ELSEVIER

Contents lists available at ScienceDirect

## Journal of Network and Computer Applications

journal homepage: www.elsevier.com/locate/jnca



## An efficient design for fast memory registration in RDMA

Li Ou a, Xubin He b,\*, Jizhong Han c

#### ARTICLE INFO

Article history: Received 7 October 2007 Received in revised form 26 March 2008 Accepted 5 July 2008

Keywords: RDMA Memory registration Cache Performance evaluation

#### ABSTRACT

Remote Direct Memory Access (RDMA) improves network bandwidth and reduces latency by eliminating unnecessary copies from network interface card to application buffers, but the communication buffer management to reduce memory registration and deregistration cost is a significant challenge to be addressed. Previous studies use pin-down cache and batched deregistration, but only simple LRU is used as a replacement algorithm to manage cache space. In this paper, we evaluate the cost of memory registration in both user and kernel spaces. Based on our analysis, we reduce the overhead of communication buffer management in two aspects simultaneously: utilize a Memory Registration Region Cache (MRRC), and optimize the RDMA communication process of clients and servers with Fast RDMA Read and Write Process (FRRWP). MRRC manages memory in terms of memory region, and replaces old memory regions according to both their sizes and recency. FRRWP overlaps memory registrations between a client and a server, and allows applications to submit RDMA write operations without being blocked by message synchronization. We compare the performance of MRRC and FRRWP with traditional RDMA operations. The results show that our new design improves the total cost of memory registrations and overall communication latency by up to 70%.

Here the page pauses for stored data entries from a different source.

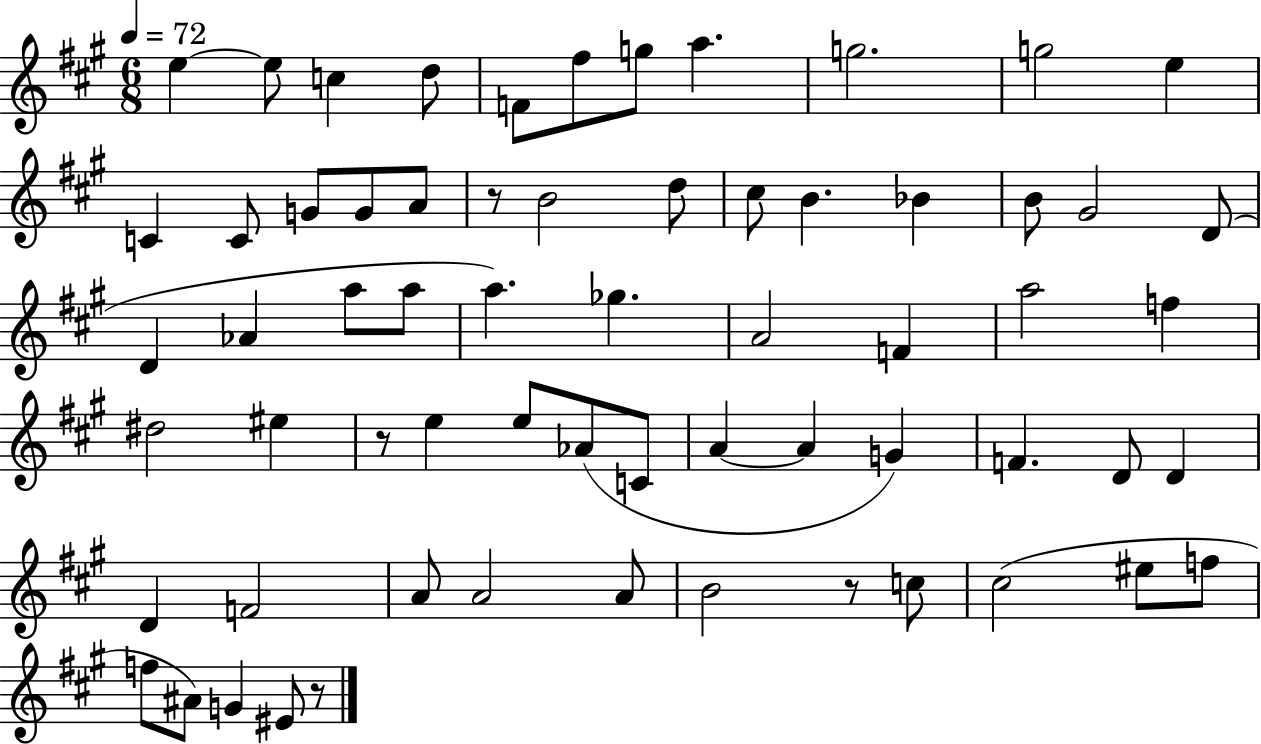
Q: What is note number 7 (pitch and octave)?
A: G5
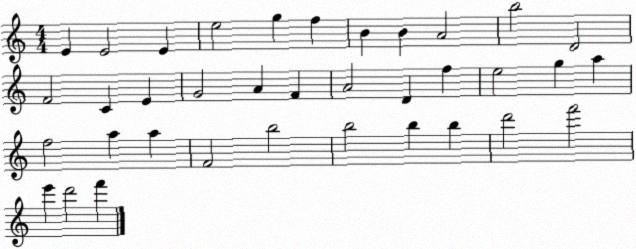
X:1
T:Untitled
M:4/4
L:1/4
K:C
E E2 E e2 g f B B A2 b2 D2 F2 C E G2 A F A2 D f e2 g a f2 a a F2 b2 b2 b b d'2 f'2 e' d'2 f'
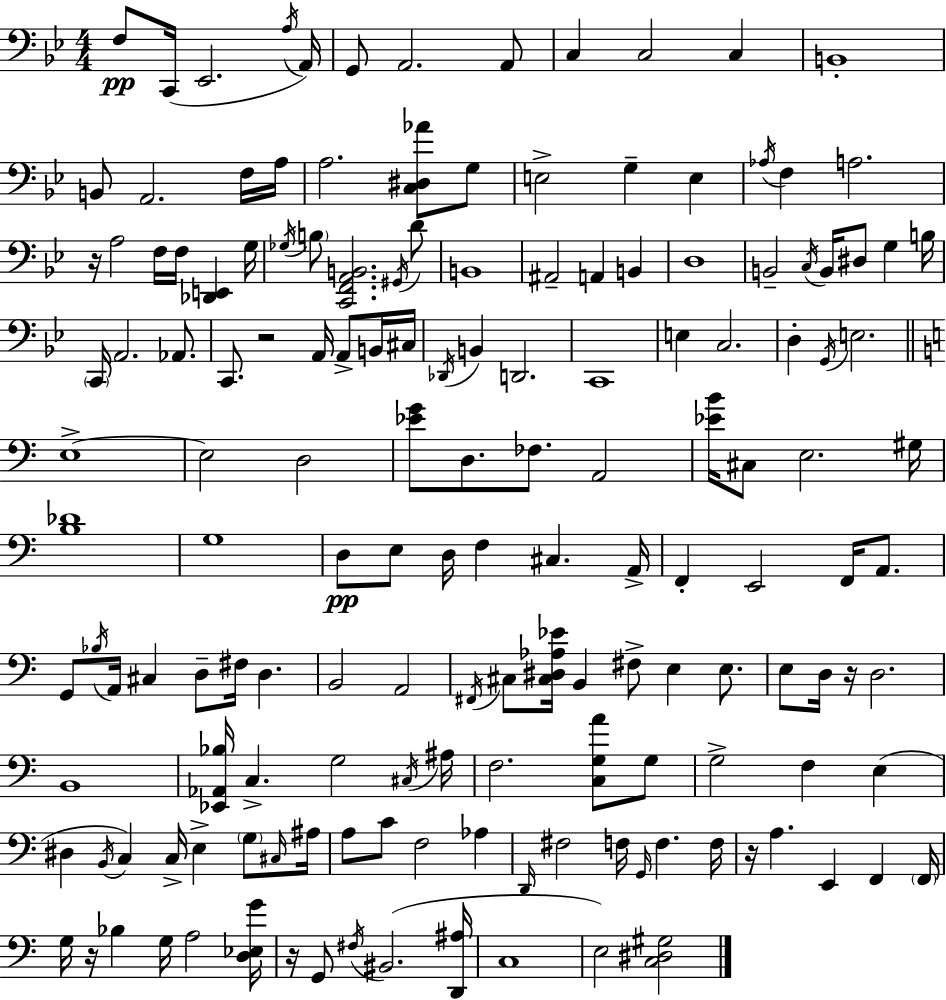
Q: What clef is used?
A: bass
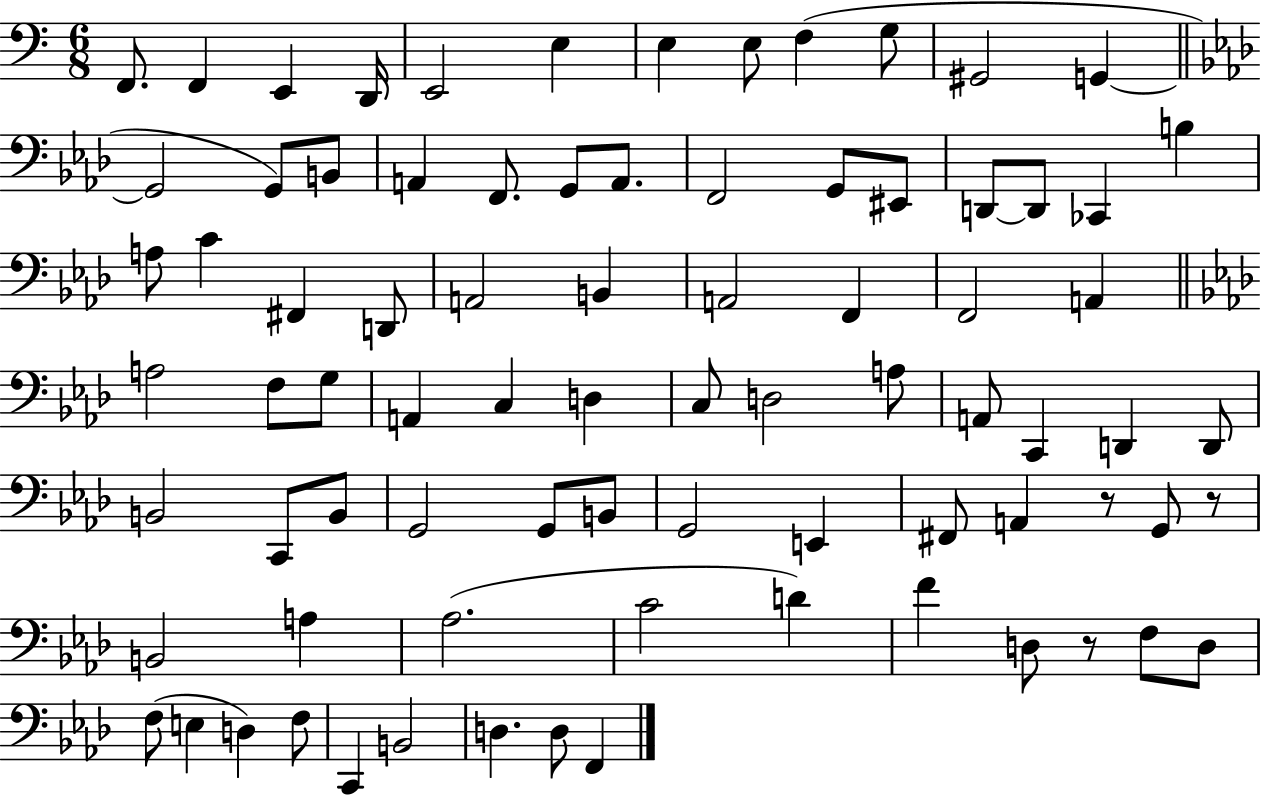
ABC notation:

X:1
T:Untitled
M:6/8
L:1/4
K:C
F,,/2 F,, E,, D,,/4 E,,2 E, E, E,/2 F, G,/2 ^G,,2 G,, G,,2 G,,/2 B,,/2 A,, F,,/2 G,,/2 A,,/2 F,,2 G,,/2 ^E,,/2 D,,/2 D,,/2 _C,, B, A,/2 C ^F,, D,,/2 A,,2 B,, A,,2 F,, F,,2 A,, A,2 F,/2 G,/2 A,, C, D, C,/2 D,2 A,/2 A,,/2 C,, D,, D,,/2 B,,2 C,,/2 B,,/2 G,,2 G,,/2 B,,/2 G,,2 E,, ^F,,/2 A,, z/2 G,,/2 z/2 B,,2 A, _A,2 C2 D F D,/2 z/2 F,/2 D,/2 F,/2 E, D, F,/2 C,, B,,2 D, D,/2 F,,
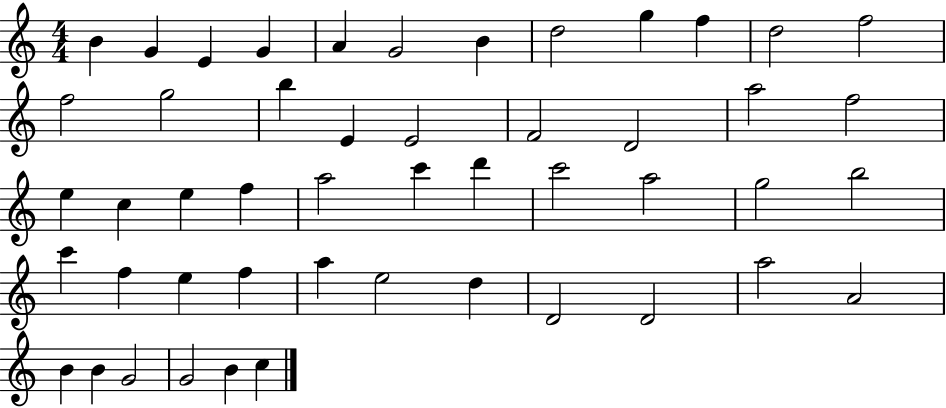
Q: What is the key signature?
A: C major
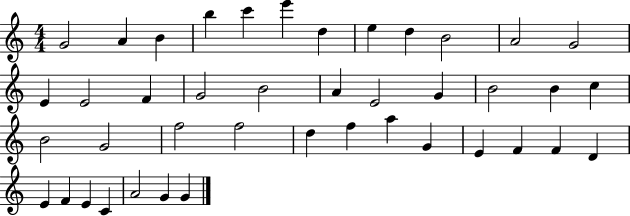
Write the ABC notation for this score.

© 2008 Elsevier Ltd. All rights reserved.

#### 1. Introduction

The advent of networking technologies facilitates the service of storage over networks. Remote Direct Memory Access (RDMA) is emerging as the central feature in modern network interconnects. It offers low latency, high throughput, and low CPU overhead communication in network storage systems. These enabling technologies eliminate or reduce costs of memory copy, network access, interrupt, and protocol processing in the network subsystem. Interconnects like InfiniBand (Infiniband Trade Association, 2000), Myrinet (Boden et al., 1995), and Quadrics (Petrini et al., 2001) have long introduced RDMA in LAN environments. RDMA over IP has been developed to extend the benefits of RDMA across the WAN/Internet. The RDMA Consortium has proposed the RDMA Protocol Verbs Specifications (RDMAVS 1.0) (Hilland et al., 2003) to standardize the efforts.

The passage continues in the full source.